MATERIAL PROVIDED:
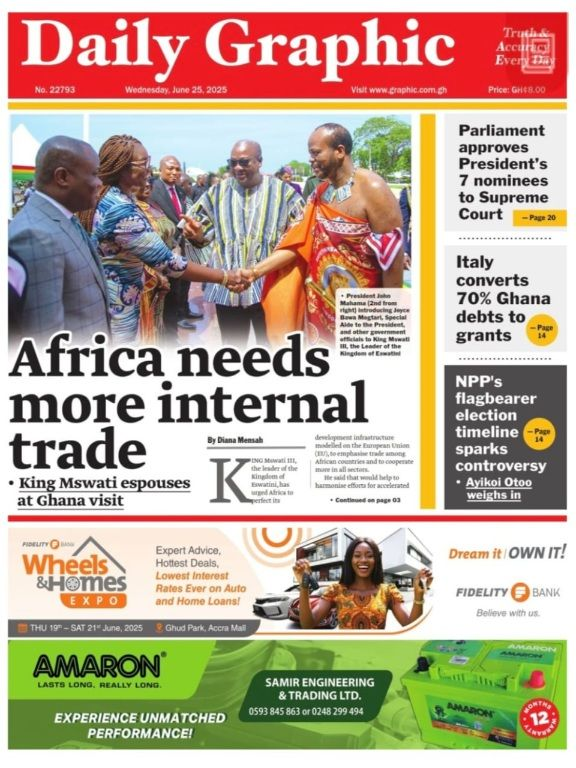 Today’s Front pages :Wednesday, June 25, 2025
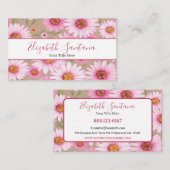 White Pink Daisy Floral 名刺 (正面/裏面)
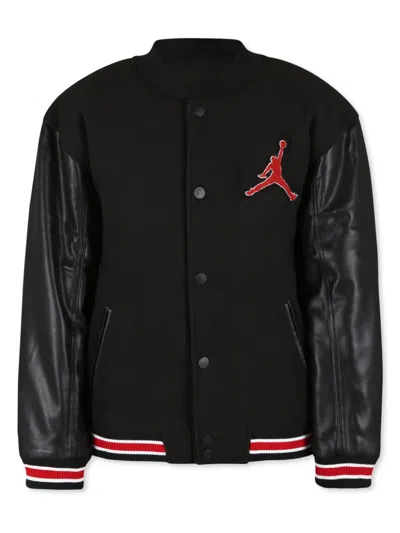 Jordan Big Boys Varsity Baseball Jacket In Black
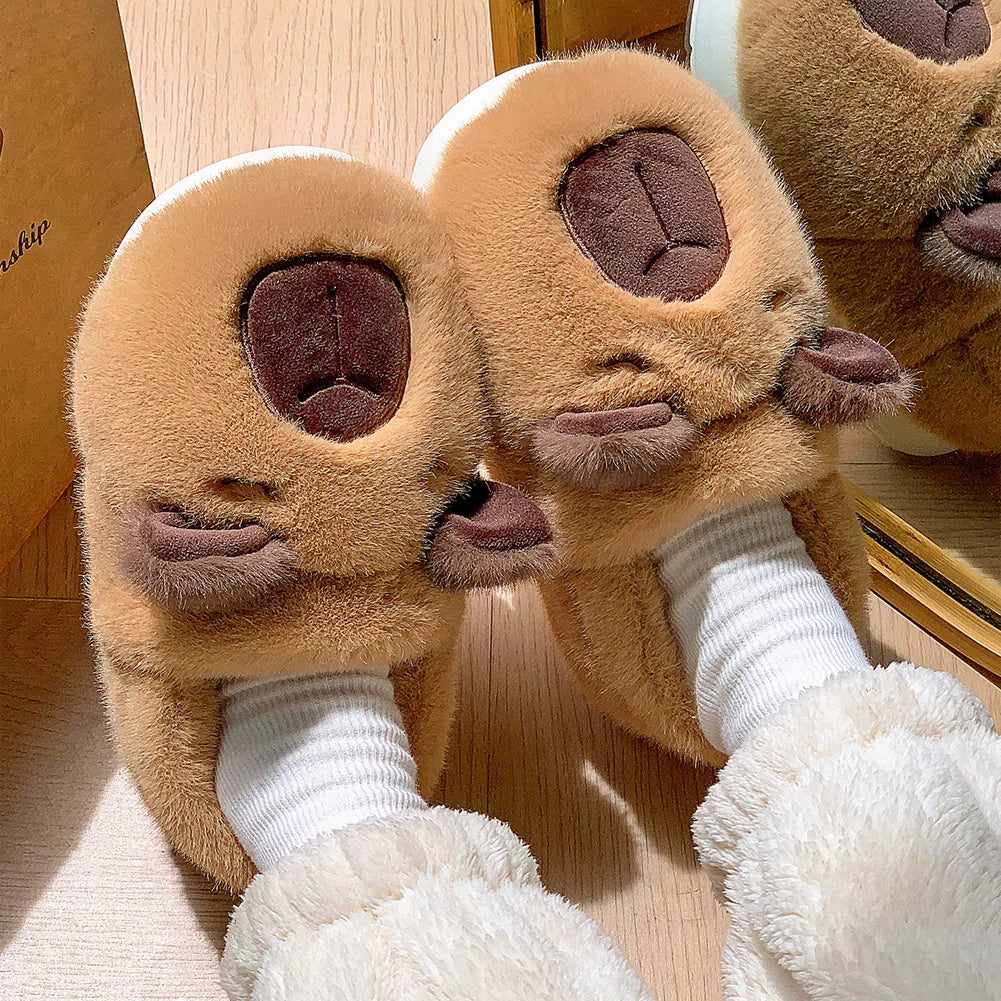 Winter Plush Capybara Slippers Thermal Slippers Warm Comfortable Non-slip Wrapped around the Heel Home Slippers for Men Women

YOUR GOAL:
Would you provide an exact, picture-free copy of the data above?

OUTPUT BELOW:
 Today’s Front pages :Wednesday, June 25, 2025
 White Pink Daisy Floral 名刺 (正面/裏面)
 Jordan Big Boys Varsity Baseball Jacket In Black
 Winter Plush Capybara Slippers Thermal Slippers Warm Comfortable Non-slip Wrapped around the Heel Home Slippers for Men Women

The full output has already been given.